All of the data should be repeated exactly; pictures are not part of the copy.

== Segment start ==

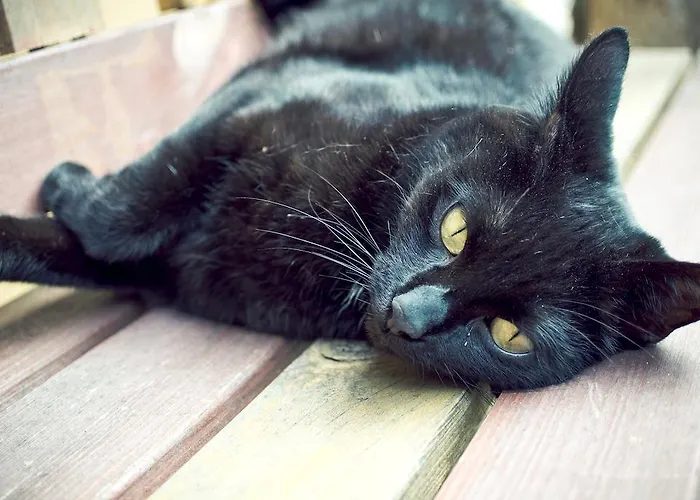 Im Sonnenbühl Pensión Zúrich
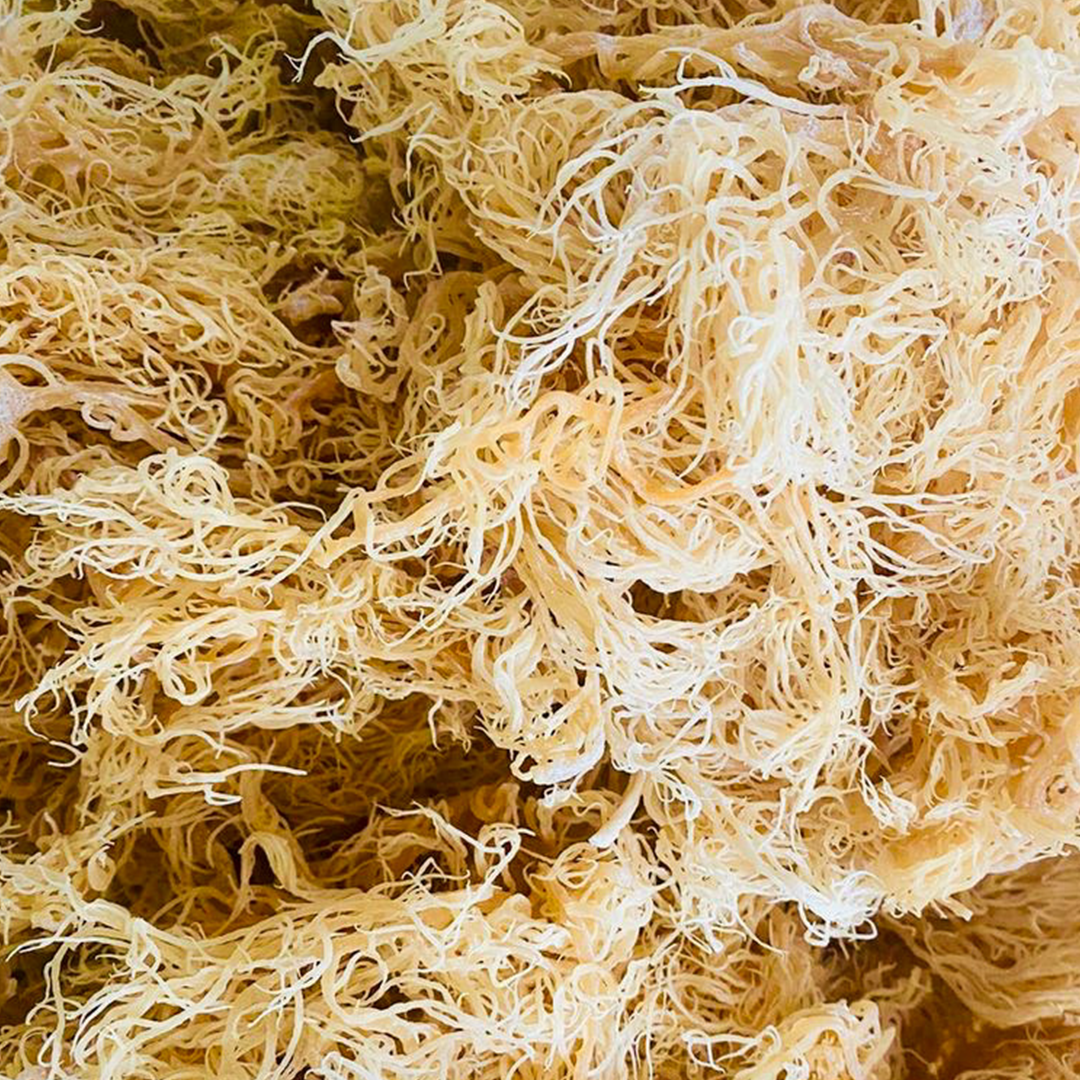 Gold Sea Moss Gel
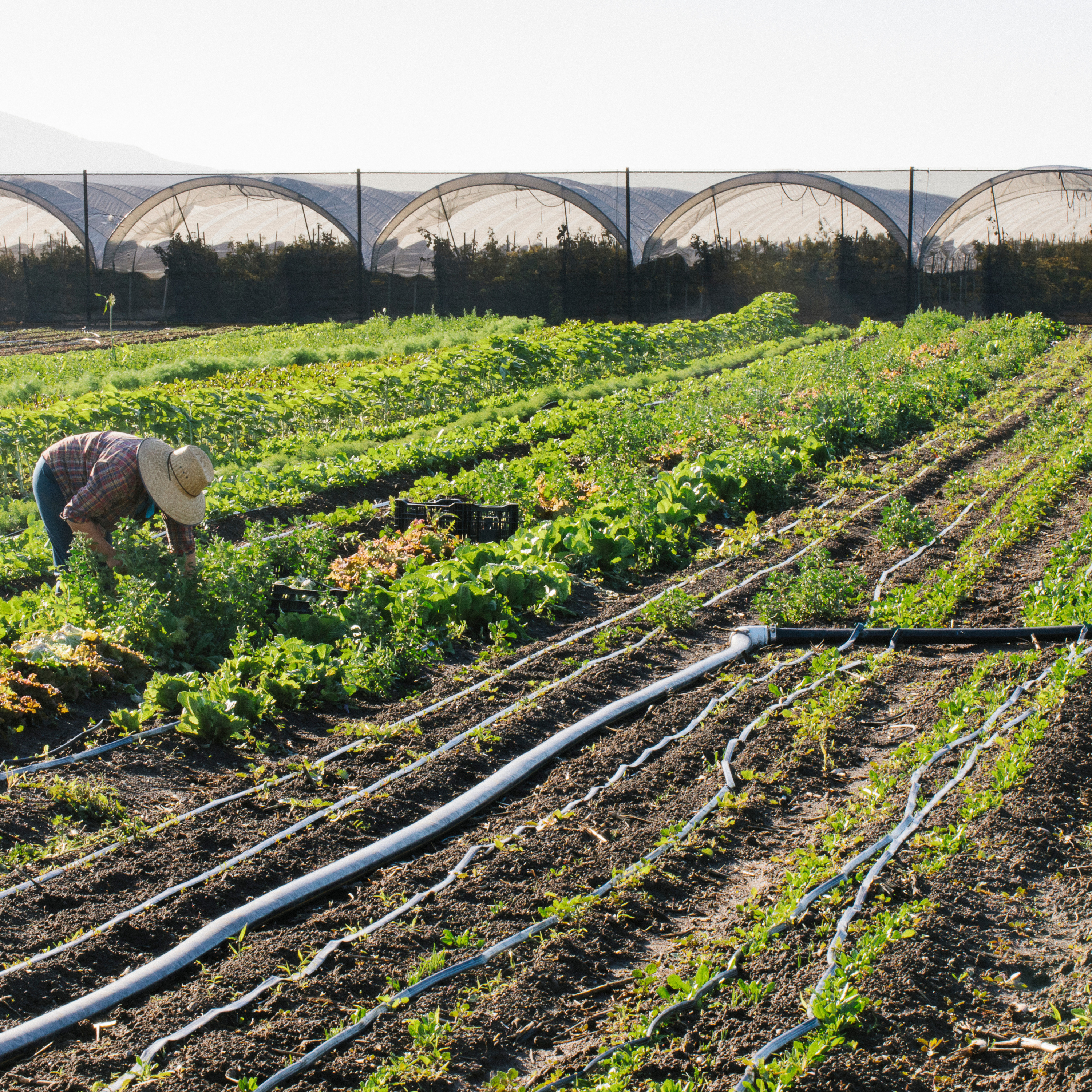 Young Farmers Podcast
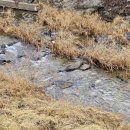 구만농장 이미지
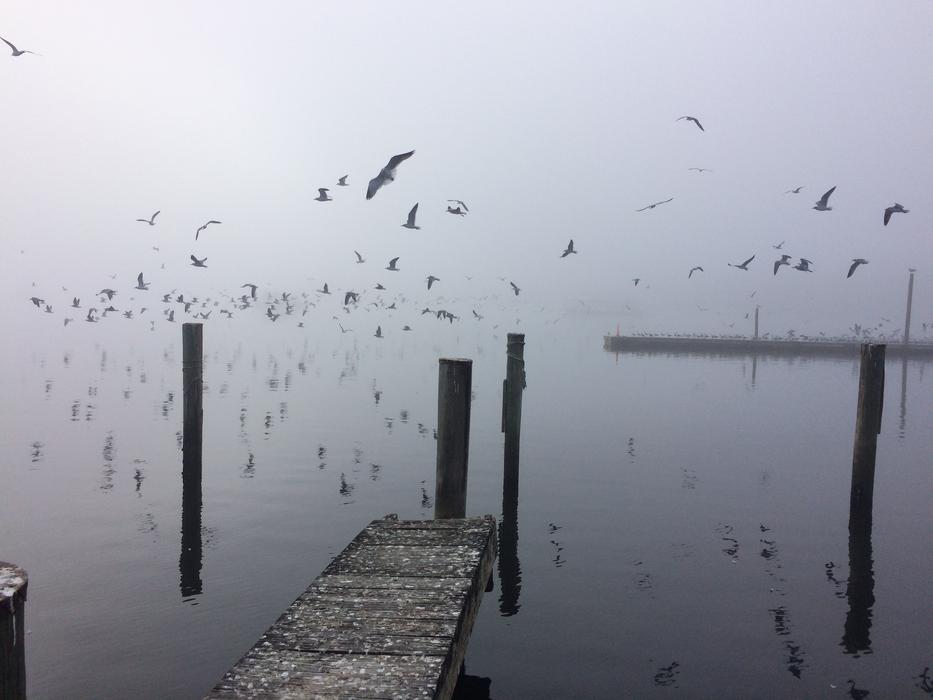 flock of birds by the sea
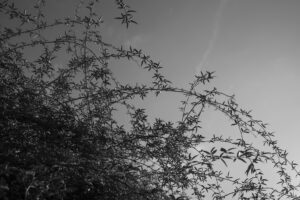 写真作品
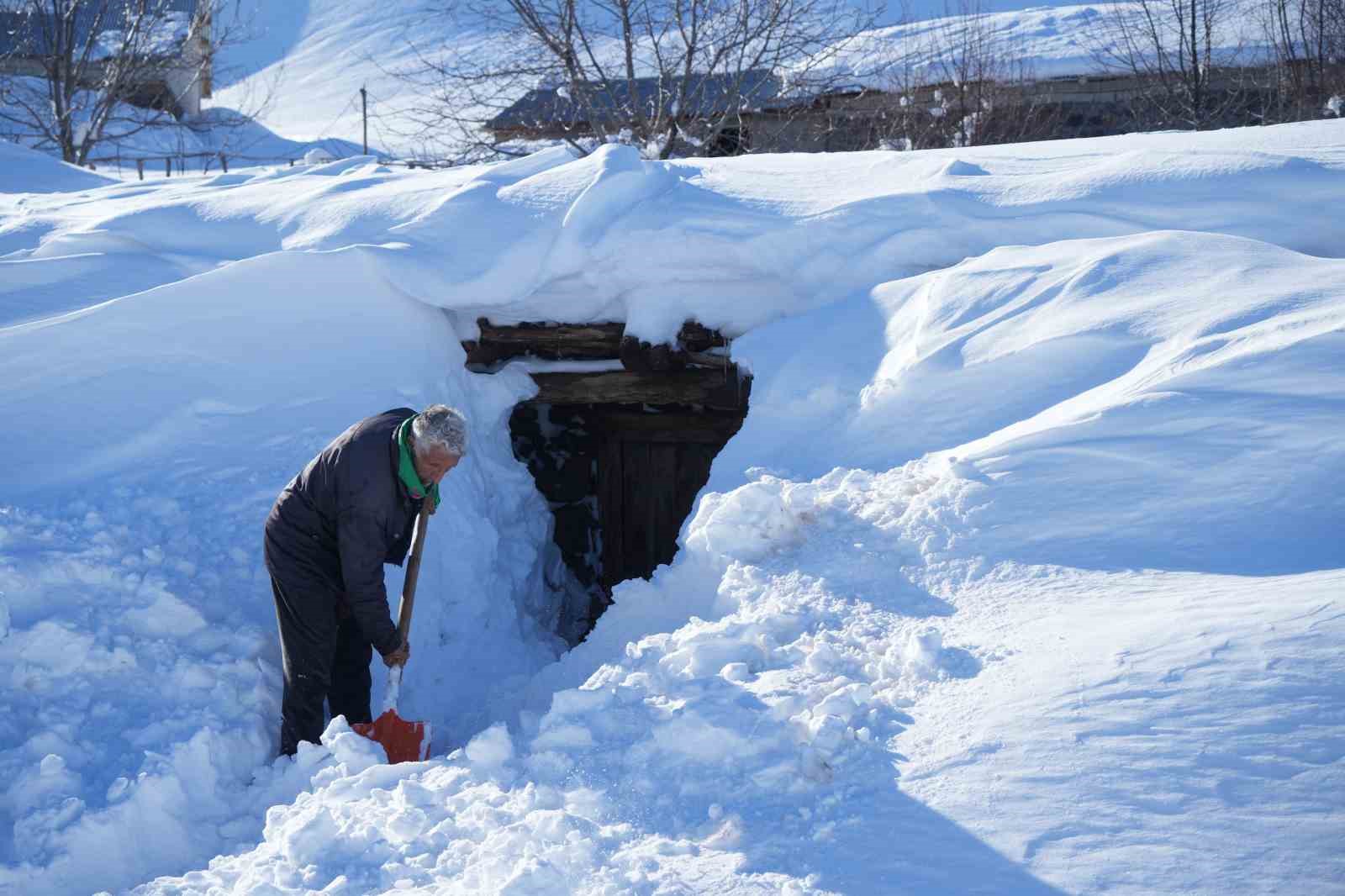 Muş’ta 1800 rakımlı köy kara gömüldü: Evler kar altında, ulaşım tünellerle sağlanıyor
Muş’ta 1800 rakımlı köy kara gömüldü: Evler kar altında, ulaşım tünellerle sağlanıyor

== Segment end ==

- _Your response_
 Im Sonnenbühl Pensión Zúrich
 Gold Sea Moss Gel
 Young Farmers Podcast
 구만농장 이미지
 flock of birds by the sea
 写真作品
 Muş’ta 1800 rakımlı köy kara gömüldü: Evler kar altında, ulaşım tünellerle sağlanıyor
Muş’ta 1800 rakımlı köy kara gömüldü: Evler kar altında, ulaşım tünellerle sağlanıyor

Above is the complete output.